As opposed to a panoramic photo, which is simply an image with elongated fields of view, Bubbli’s capabilities allow users to capture the sides, top and bottom of the space around them, effectively placing viewers at the centre of the frame.
To make the images or ‘bubbles’ even more immersive, the app also gives users the option to record the audio of their surroundings whilst taking the picture.
Downloading the free app will allow you to start capturing 360-degree images, but in order to save them to Bubbli's in-app library, you will be required to sign up for an account using your name, email address, username and desired password.
Once you’re set up, the app’s menu bar at the bottom of the screen will let you flick between Featured, a grid of public bubbles published by other Bubbli users; Social, a space to follow fellow creators; Me, a grid of personally created bubbles; and Guide, a hub for video tutorials on how to best use the app.
bubble A 'bubble' created with bubbli – click the image to view in another window (embedded with embed.ly)
Creating a ‘bubble’
You will notice that you have some creative freedom when recording, as you can choose between fixed or variable exposure, and also turn the audio recording capabilities on or off.

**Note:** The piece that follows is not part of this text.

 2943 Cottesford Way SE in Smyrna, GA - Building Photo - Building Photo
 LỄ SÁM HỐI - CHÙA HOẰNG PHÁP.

To take a spherical picture, simply press the red 'record' button and start capturing the space around you.
Similarly to taking a panoramic image, you will need to stand still and keep a steady hand.
Tilt your iPhone or iPad up and down to capture your surroundings. It is important that your arms remain in a fixed position, as if it is only your device that is rotating around a fixed axis.
Once Bubbli tells you that the scene has been 100 per cent recorded, hit the red button again and select ‘build’ to assemble your bubble.
The app will then get to work exporting your creation, and will even send you a push notification when it is complete and ready to view.
Screenshots of a user's 'bubbles' in the library section of the app
Sharing your image
After you have created your bubble, the app will take you directly to your library, where all your images are stored.
Click on the one you have just taken and you will see a menu with various options, which include adding a title and sharing your location.
You can share the link to your 360-degree image to a range of platforms, including Twitter, Facebook, email, iMessage and Safari.
If you would rather embed the image itself as opposed to sharing a link, the app does offer an embed code that should work in most browsers.
However, we found this fairly problematic, as the image did not display correctly, so we chose to embed the bubble using an external website called embed.ly instead.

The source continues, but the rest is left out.